Nada do que está previsto é
oficial, portando o direito internacional continua a existir e, formalmente, a
prevalecer. Coisas deste género, embora não por estas palavras, costumam ser
ditas pelo secretário-geral das Nações Unidas à medida que o presidente dos Estados
Unidos vai mudando a embaixada de Telavive para Jerusalém ocupada, reconhece a
anexação dos Montes Golã e o embaixador dos Estados Unidos em Israel diz que
este país tem «o direito» de anexar a Cisjordânia.

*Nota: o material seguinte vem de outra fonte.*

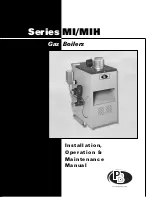 Preview for 1 page of PeerlessBoilers MI-03 Installation & Maintenance Manual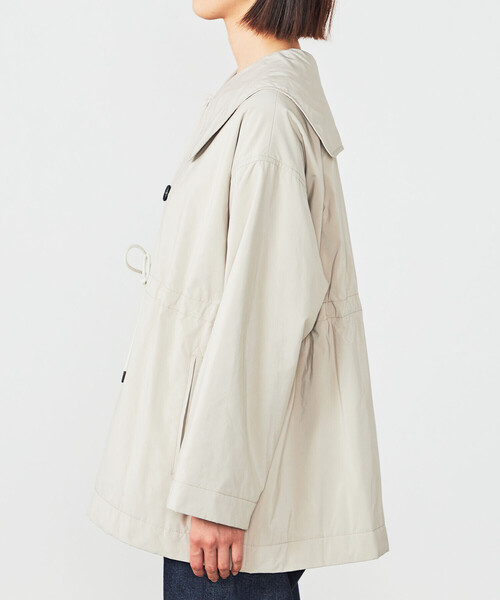 ORCIVAL（オーシバル）の「ORCIVAL | 中綿 ビッグカラーブルゾン WOMEN（その他アウター・レディース・ダークネイビー/ライトグレー・1）」の12枚目の写真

Talvez fosse altura de o eng.
António Guterres abandonar o estado contemplativo enquanto tudo vai acontecendo
em seu redor. É inegável que nada do que foi planeado em Washington e Telavive
altera o direito internacional; mas mina-o, enfraquece-o,
«desactualiza-o» perante tanta «modernidade», tanta «inovação», tanta
«conciliação».
As Nações Unidas têm nas suas
mãos a sobrevivência, os direitos e dignidade de um povo – e também os
mecanismos para cumprir as tarefas que lhe competem nesta matéria. E se a ONU
não tentar por certo nada irá conseguir, pregando mais um prego no próprio
caixão.
O pior caminho é fazer de conta
que nada está a acontecer. Está tudo a acontecer, a operação é avassaladora,
tem por detrás os interesses que mandam efectivamente no mundo. À ONU cabe
travá-los.
Os palestinianos e todos quantos
os apoiam solidariamente através do mundo vão continuar a resistir, porém cada
vez mais isolados e carentes de meios institucionais. É um combate de David
contra um Golias rico, bem armado, robotizado e, até ver, absolutamente impune.